Current through March 1, 2017
Regular Letters of Administration

Where there is no Will, Letters of Administration will be granted to the following persons or their nominees in the following order of priority:

1. the surviving spouse;
2. the intestate heirs (or such of them as the Register determines will best administer the estate);
3. the principal creditors of the decedent at the time of death;
4. other fit persons; or
5. a guardianship support agency which served as guardian of an incapacitated person who died during the guardianship.

The intestate heirs are persons related to the decedent and entitled to inherit the estate, as set forth in the statute, Section 2101 of the PEF Code. Intestate heirs have priority to administer the estate according to the size of the heir's interest in the estate and not according to the closeness of the relationship to the decedent. For example, if a person dies leaving as next-of-kin a sister and a son of a deceased sister, the law provides that both share equally in the estate and have an equal right to administer the estate. Although the sister is in closer relationship to the decedent, she does not have a greater right to administer the estate.

If a person entitled to administer the estate of an intestate renounces that right, a Renunciation and Nomination (Appendix A, Form No. 4) or similar writing must be executed and filed with the Register. The Register will generally accept that person's nominee as administrator in preference to those in the next class of priority. Nominations will be accepted from minor heirs who are at least 14 years of age. If a Renunciation is not executed in the presence of a probate clerk, it must be verified or notarized.
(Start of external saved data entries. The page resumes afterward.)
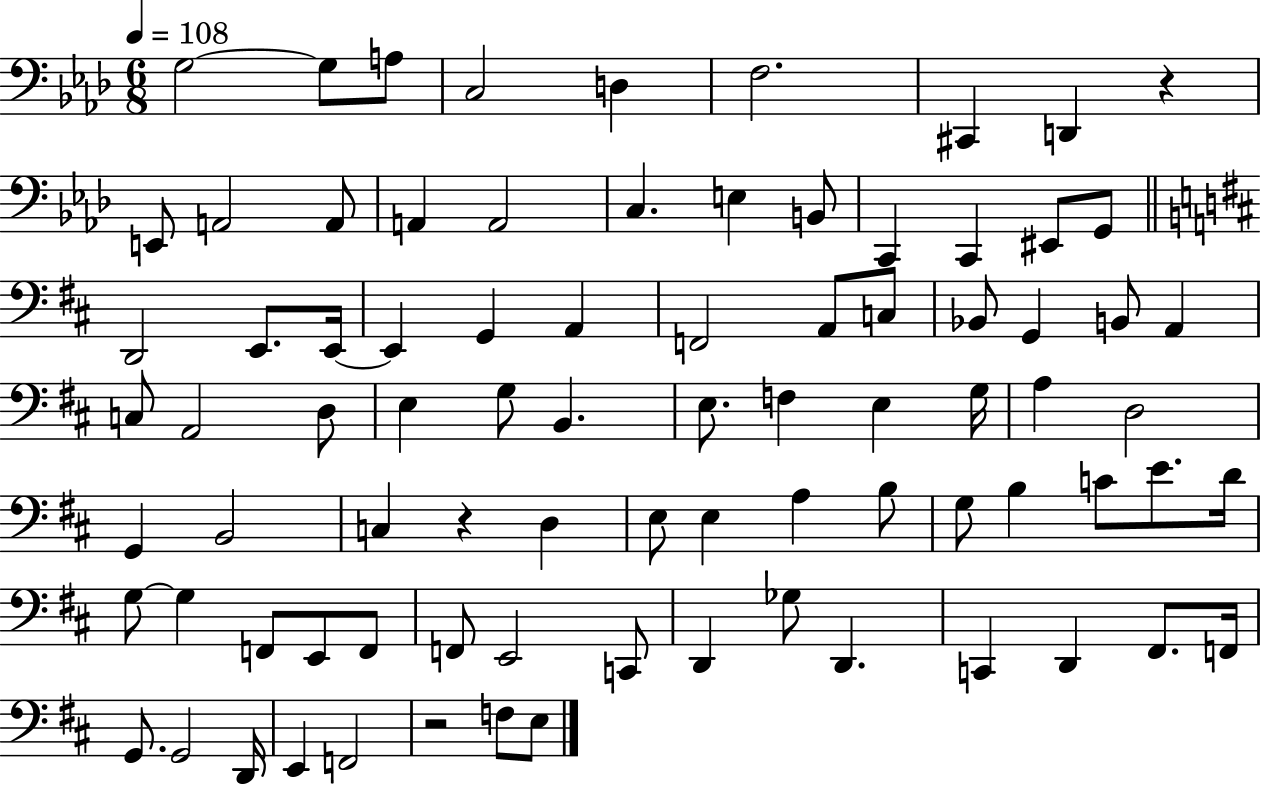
X:1
T:Untitled
M:6/8
L:1/4
K:Ab
G,2 G,/2 A,/2 C,2 D, F,2 ^C,, D,, z E,,/2 A,,2 A,,/2 A,, A,,2 C, E, B,,/2 C,, C,, ^E,,/2 G,,/2 D,,2 E,,/2 E,,/4 E,, G,, A,, F,,2 A,,/2 C,/2 _B,,/2 G,, B,,/2 A,, C,/2 A,,2 D,/2 E, G,/2 B,, E,/2 F, E, G,/4 A, D,2 G,, B,,2 C, z D, E,/2 E, A, B,/2 G,/2 B, C/2 E/2 D/4 G,/2 G, F,,/2 E,,/2 F,,/2 F,,/2 E,,2 C,,/2 D,, _G,/2 D,, C,, D,, ^F,,/2 F,,/4 G,,/2 G,,2 D,,/4 E,, F,,2 z2 F,/2 E,/2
To obtain regular Letters of Administration, the person or persons entitled must generally follow the procedure set forth under Chapter 2. A Petition for the Grant of Letters (Appendix A, Form No. 1) is required, as well as a death certificate, an Estate Information Sheet (Appendix A, Form No. 2) and a check for the probate fee. Other documents, such as Renunciations, may be required as well.

The Register will not appoint co-administrators unless all interested parties agree. It is advisable to produce written consents to demonstrate such an agreement. If the parties cannot agree, the Register will generally grant Letters of Administration to the nominee of the heirs whose interests, under the Intestate Act, form a majority interest in the estate.

If heirs under the age of 14 constitute a majority interest, the Register will require that a guardian be appointed to renounce on their behalf and nominate a qualified personal representative, unless the estate is under $25,000.00 or Letters are being granted for litigation ("for suit") purposes only. (See paragraphs C. and E. below). The guardian is appointed by the Orphans' Court following the filing of a Petition for Appointment of a Guardian for the Minor's Estate.

When a majority of intestate heirs cannot agree on an administrator, any heir may file a petition for citation directed to the other heirs to show cause why the petitioner (or his nominee) should not be appointed administrator (Appendix B, Form No. 2). If the other heirs do not appear, the Register may appoint the petitioner, or his nominee, as administrator. If the other heirs do appear to oppose the petition, the Register will hold a hearing on the petition (see the section entitled "Hearings Before the Register," below) and appoint a "fit person" as administrator. The Register has discretionary authority to appoint a disinterested third party.

In the event a decedent dies without a Will and without heirs (other than the Commonwealth, as statutory heir), the Register has authority to appoint an administrator.